At the higher levels, more emphasis is placed on rationality since cadres need to take into account of multiple factors and decision-making involves a much broader area of governance, but virtues such as concern for the people and a practical attitude also matter. Cadres are also expected to set a model of corruption-free rule.
To illustrate the rigorous (meritocratic) nature of selection at higher levels of government, Minister Li described the procedure used to select the secretary general of the Organization Department of the CPC Central Committee. First, there was a nomination process, including retired cadres. Those who received many nominations could move to the next stage.
Next, there was an examination, including such questions as how to be a good Secretary General. Over 10 people took the exam, and the list was narrowed to five people.
To ensure that the process was fair, the examination papers were put in the corridor for all to judge the results. Then, there was an oral examination with an interview panel composed of ministers, vice-ministers, and university professors.
To ensure transparency and fairness, ordinary cadres who work for the General Secretary were in the room, which allowed them to supervise the whole process. Three candidates with the highest score were selected for the next stage.
Then, the department of personnel led an inspection team to look into the performance and virtue of the candidates, with more emphasis placed on virtue.
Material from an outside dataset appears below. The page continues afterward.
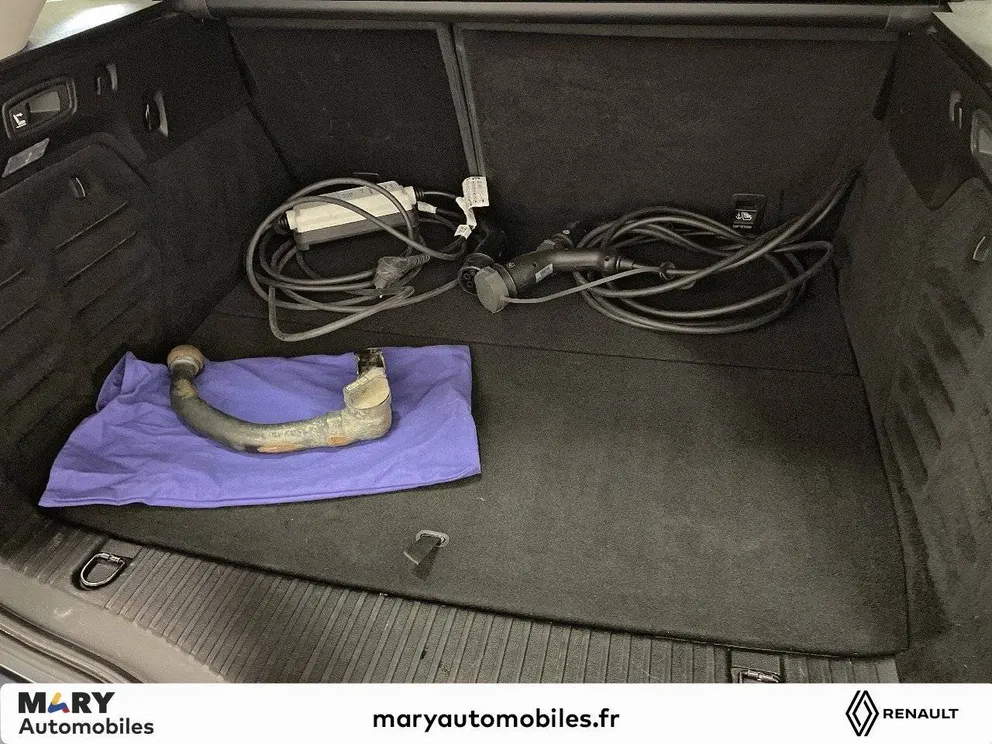Véhicule occasion 196109 - renault MEGANE - Photo 6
Two people were recommended for the next stage.
The final decision was made by a committee of 12 ministers who each had a vote, and the candidate had to have at least eight votes to succeed. If the required number of votes was not secured the first time, the ministers discussed further until two-thirds could agree on a candidate.
It is hard not be impressed by the rigorous selection process for the secretary general of the Organization Department of the CPC Central Committee (and it is even harder not to be impressed by the successful candidate). Such transparency in the talent selection process is likely to contribute to the government’s legitimacy.
If people are not aware of the selection process, they may suspect that promotion is based primarily on loyalty, connections (guanxi), or corruption. Hence, shedding light on the actual mechanisms is likely to dispel such suspicions.
There is still a long way to go — for example, it would be useful to have more information about the criteria that influence selection of members on the Central Committee and the Politburo — but the fact that Minister Li told us about the process in his organization is a good sign of a high-level decision to increase transparency.
No system is perfect, of course, and my next post will suggest some ways of improving political meritocracy in China.
– A version of this post first appeared in the Christian Science Monitor. (Huffpost, 8/22/2012)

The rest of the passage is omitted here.